Definition of inverse problems#

Suppose that you have scientific model that predicts a quantity of interest. Let’s assume that this model has parameters that you do not know. These parameters could be simple scalars (mass, spring constant, dumping coefficients, etc.) or it could be also be functions (initial conditions, boundary values, spatially distributed constitutive relations, etc.) In the case of the latter, we assume that you have already reduced the dimensionality of the parameterization with, for example, the Karhunen-Lo`eve expansion. Let’s denote all these parameters with the vector \(x\). Assume that:

\[ x\in X \subset\mathbb{R}^d. \]

Now, let’s say we perform an experiment that measures a noisy vector:

\[ y\in Y\subset \mathbb{R}^m. \]

Assume that, you can use your model model to predict \(y\). It does not matter how complicated your model is. It could be a system of ordinary differential or partial differential equations, or something more complicated. If it predicts \(y\), you can always think of it as a function from the unknown parameter space \(X\) to the space of \(y\)’s, \(Y\). That is, you can think of it as giving rise to a function:

\[ f : X \rightarrow Y. \]

The inverse problem, otherwise known as the model calibration problem is to find the best \(x\in X\) so that:

\[ f(x) \approx y. \]

Formulation of inverse problems as optimization problems#

Saying that \(f(x)\approx y\) is not an exact mathematical statement. What does it really mean for \(f(x)\) to be close to \(y\)? To quantify this, let us introduce a loss metric:

\[ \ell: Y \times Y \rightarrow \mathbb{R}. \]

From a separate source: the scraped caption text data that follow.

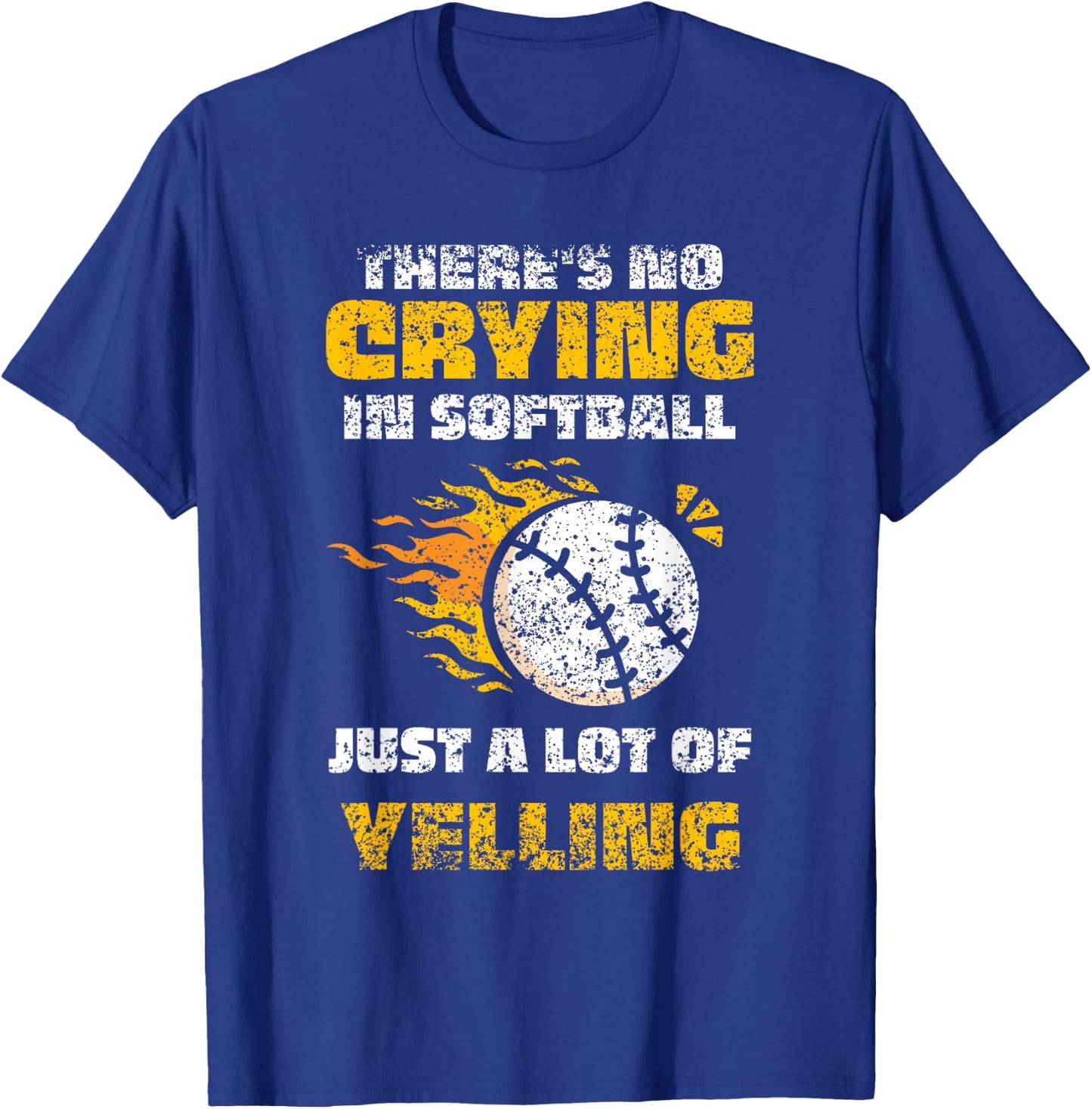 There's No Crying In Softball Softballer Player Softball T-Shirt - T-Shirt | Royal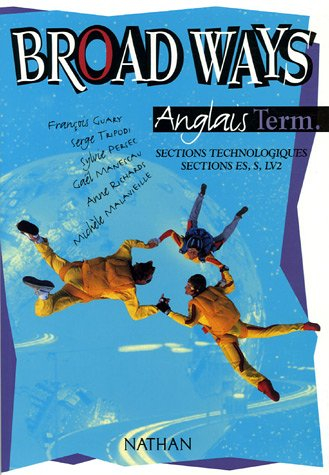 broad ways : anglais, terminale, sections technologiques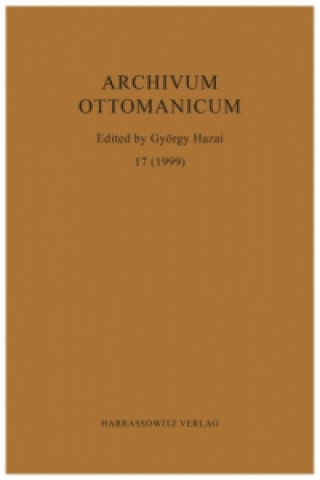 Kniha Archivum Ottomanicum 17 (1999) György Hazai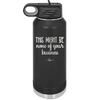 This Might Be None of Your Business - Laser Engraved Stainless Steel Drinkware - 1008 -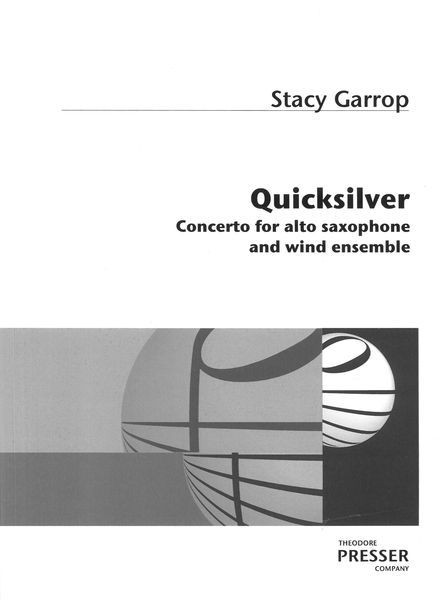 Quicksilver : Concerto For Alto Saxophone and Wind Ensemble (2017).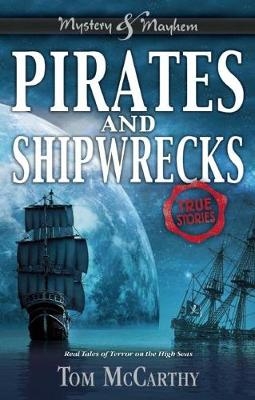 Pirates and Shipwrecks - Tom McCarthy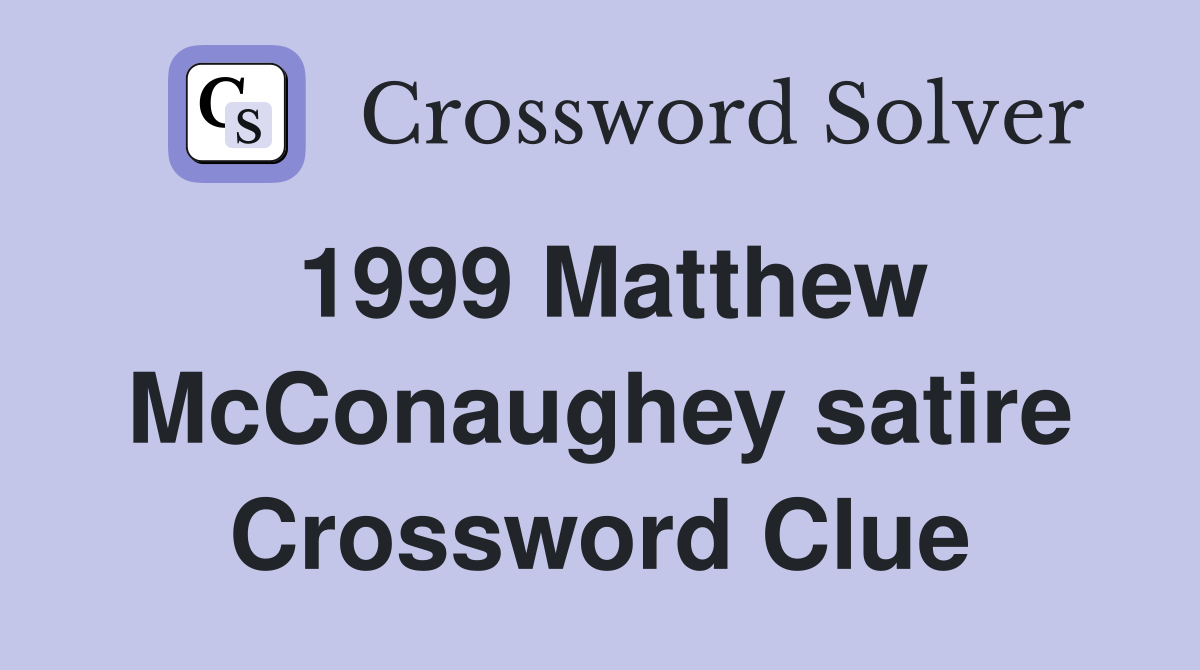 1999 Matthew McConaughey satire Crossword Clue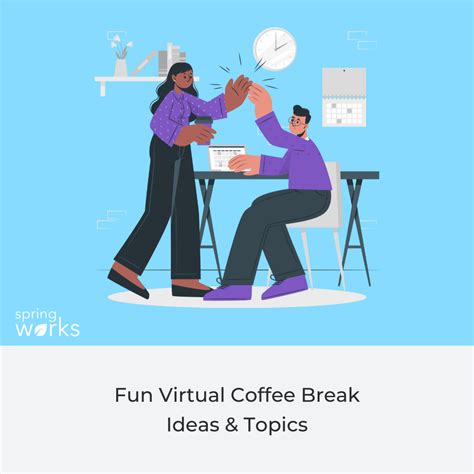 25 Best Fun Virtual Coffee Break Ideas & Topics In 2024 [Updated] - Springworks Blog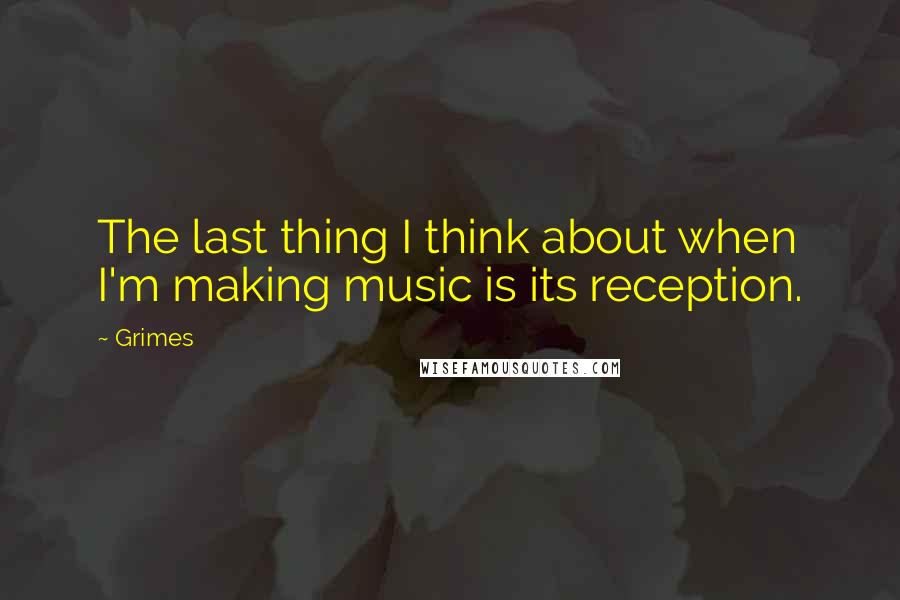 Grimes Quotes: The last thing I think about when I'm making music is its reception.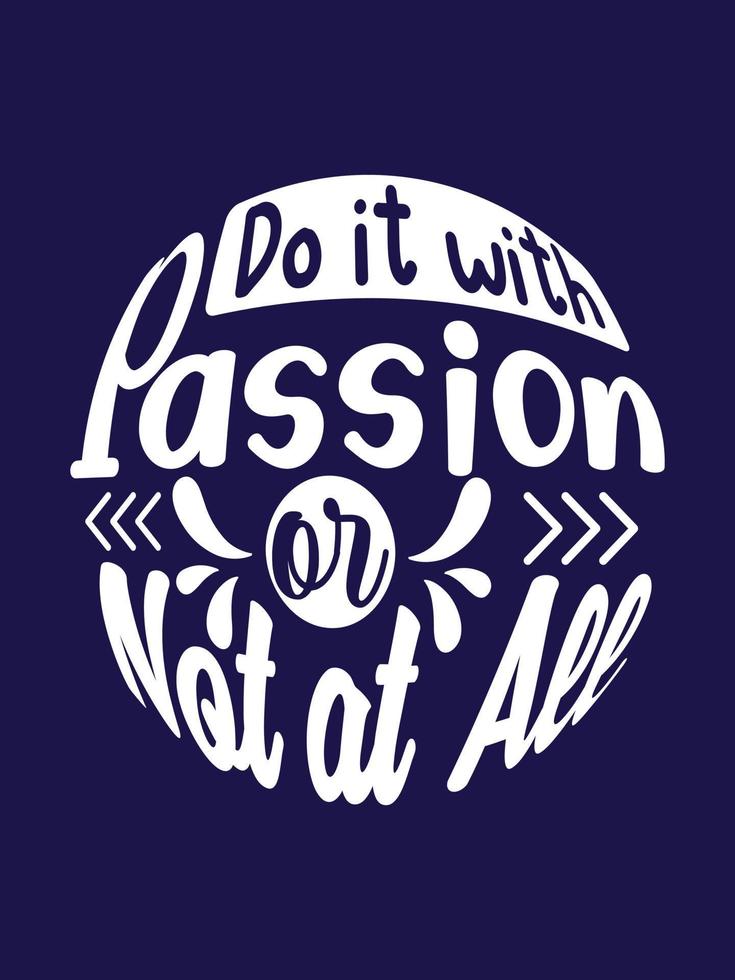 faça isso com paixão ou não design de t-shirt de tipografia vetor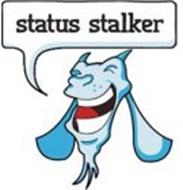 STATUS STALKER
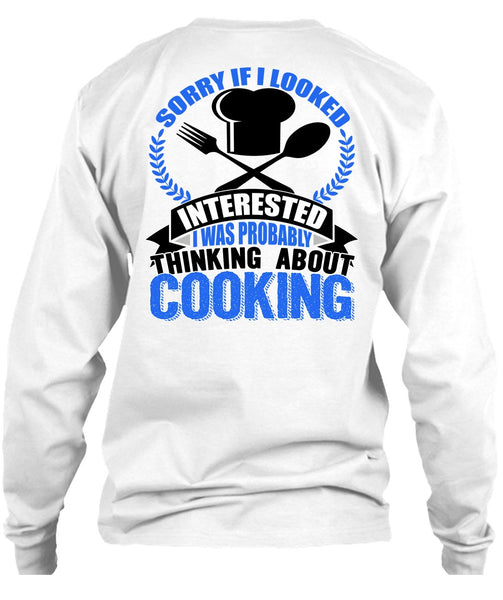 Thinking About Cooking T Shirt, I Love Chef T Shirt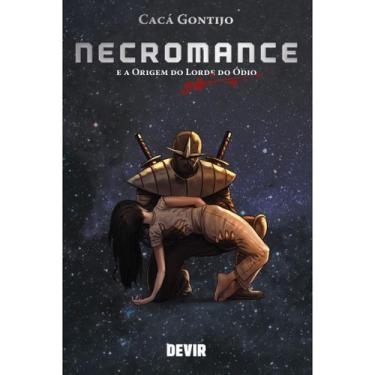 Imagem de Necromance: E a Origem do Lorde do Ódio - HQ - Devir - 100% Cristão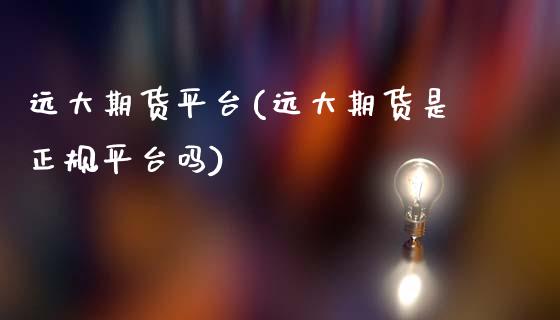 远大期货平台(远大期货是正规平台吗)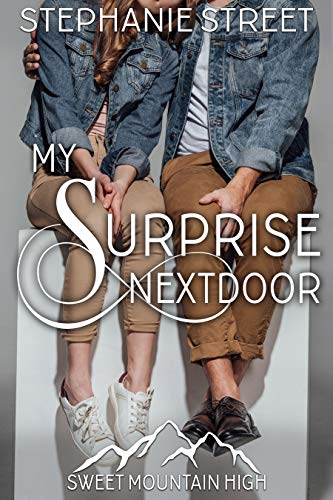 Télécharger My Surprise Next Door: A Sweet YA Romance (Sweet Mountain High Book 4) (English Edition) livre En ligne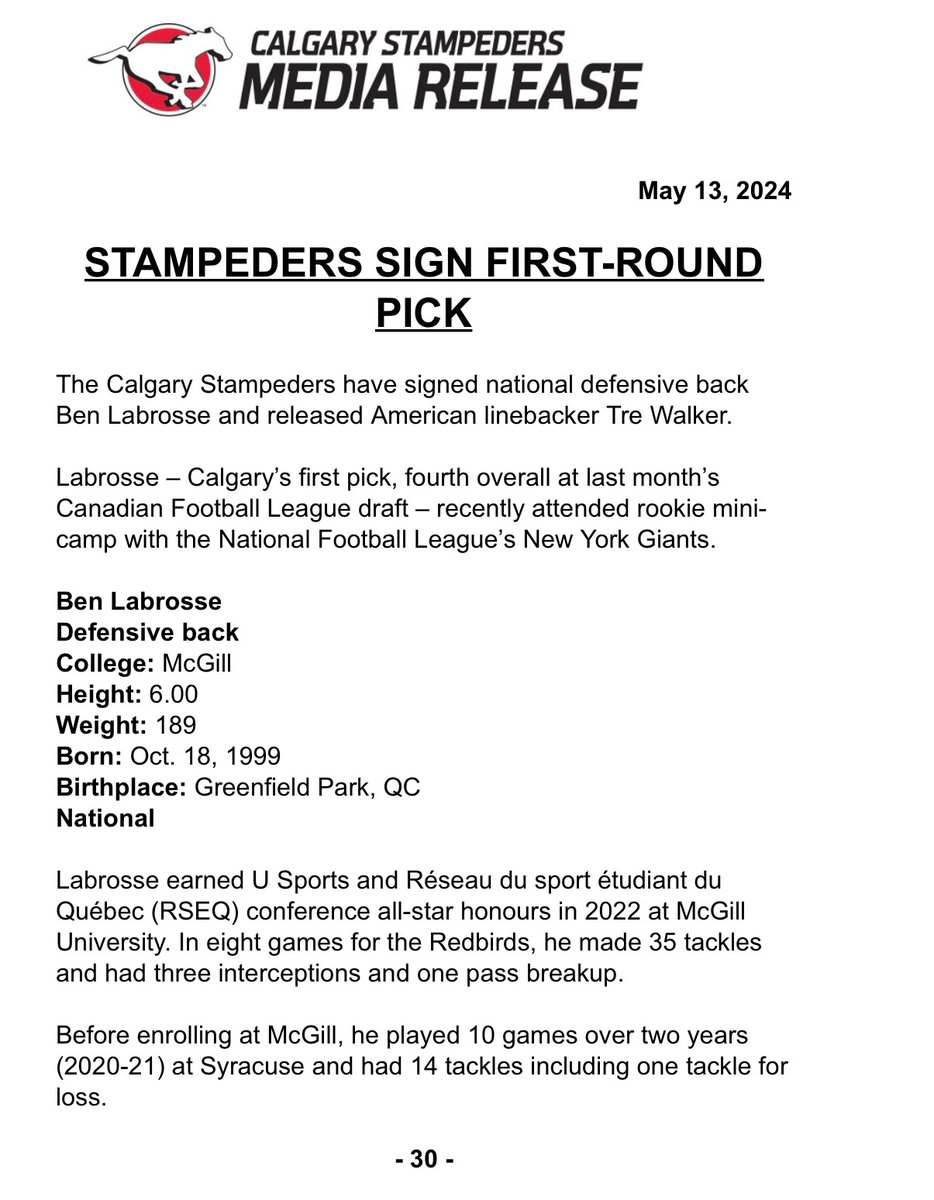 Calgary Stampeders have signed their 1st round pick in the 2024 CFL draft - Ben Labrosse, a DB from McGill.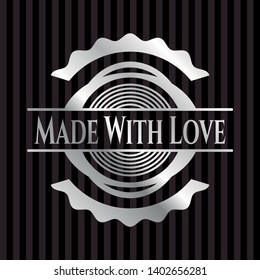Made With Love silvery badge. Vector Illustration. Mosaic.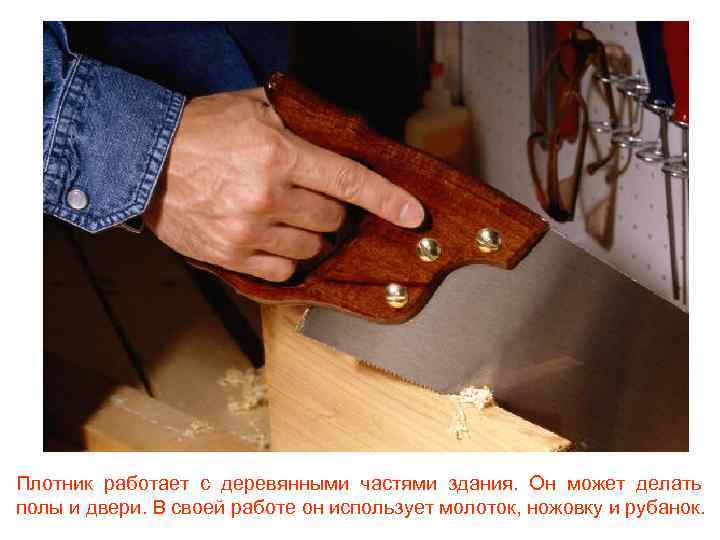 Плотник работает с деревянными частями здания. Он может делать полы и двери. В своей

such that \(\ell(f(x),y)\) is how much our prediction is off if we chose the input \(x\). Equiped with this loss metric, we can formulate the mathematical problem as:

\[ \min_{x\in X} \ell(f(x),y). \]

The Square Loss#

The choice of the loss metric is somewhat subjective. However, a very common assumption is that to take the square loss:

\[ \ell(f(x), y) = \parallel f(x) - y\parallel_2^2 = \sum_{i=1}^m\left(f_i(x)-y_i\right)^2. \]

For this case, the inverse problem can be formulated as:

\[ \min_{x\in X}\parallel f(x) - y\parallel_2^2. \]

Solution methodologies#

We basically have to solve an optimization problem. For the square loss function, if \(f(x)\) is linear, then you get the classic least squares problem which has a known solution. Otherwise, you get what is known as generalized least squares. Let’s discuss two possibilities for the most general case:

Case 1: Good for ODEs and simple PDEs#

  • Implement your model from scratch in a differential programming framework like JAX.

  • Use automatic differentiation to compute the gradient of the loss function.

  • Use a gradient-based optimization algorithm like L-BFGS-B to solve the optimization problem.

Case 2: Good for legacy codes#

  • Build a computationally inexpensive surrogate model for \(f(x)\).

  • Make sure the surrogate modeling is done in a differentiable programming framework.

  • Use automatic differentiation to compute the gradient of the loss function.

  • Use a gradient-based optimization algorithm like L-BFGS-B to solve the optimization problem.